Cleaner to come extra day to do washing /ironing and drop the shirt service
All money to be put in central pot and all expenses paid from there, any surplus goes into joint savings

Prelapsarianhag · 03/03/2024 13:31

I would scream in his fucking face every time he was critical.

doyoulikeflowers · 03/03/2024 13:32

Prelapsarianhag · 03/03/2024 13:31

I would scream in his fucking face every time he was critical.

I'm really trying to remain calm and not argue for the children's sake.

OP posts:
Aria999 · 03/03/2024 13:34

Hold on do you pay for the cleaner etc solely out of your own earnings?

If so that's utterly ridiculous and no wonder you can't save.

Dartwarbler · 03/03/2024 13:35

Treehuggingmutherfunkin · 02/03/2024 19:36

You both work. Get a cleaner/house keeper. It will stop these arguments and benefit you both

THIS

absolutely this and the ONLY way forward

you pay for it out of the joint income. You agree what the cleaner will cover and how often it’s needed. You go to reputable company that has cleaners who will cover if the normal cleaners are off . You state explicitly to cleaners what you need, standards expected (write down is ideal)

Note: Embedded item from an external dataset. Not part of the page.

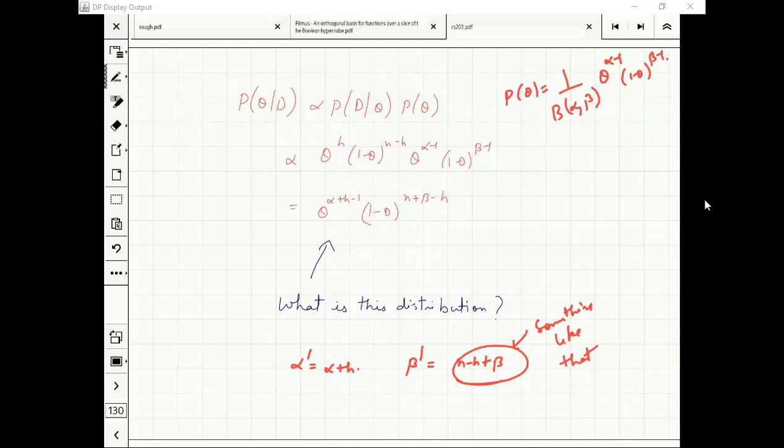The idea of Bayesian parameter estimation should be clear: we had some belief, we got the data, and we want to update our belief. Updating our belief uses Bayes theorem. Thank you.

yep, you’ll probably have to change cleaners every 2 years as all companies I have used do get a bit complacent after a while (this is over 20 years of using cleaners in 3 different parts of country so iis expected).

this will end the pressure and stress. It is the best money spent to stop the arguments. Knowing that someone else will clear up mess on a given day also means the tidier person (I mean the one who gets freaked by mess most) , who sounds like your husband , will relax knowing it’s not going to build indefinitely

yes it cost. But you’re in different places, he’s working too long hours to do his fair share and is whinging. In return you’re pushing back and he perceives this as nagging. Neither of you can solve this. You both work, you BOTH need a “housewife” to do tasks like this. You’re going to have to stump up the cash as a priority and move onto doing nicer things to do with each of your precious time .

my argument with my husband was I’m paid twice the rate as a cleaner (or more as time went by), it is not cost effective for me to reduce my hours to do housewife tasks . It is much better financial sense to pay someone else, whose job it is, and will be less emotionally involved than we were.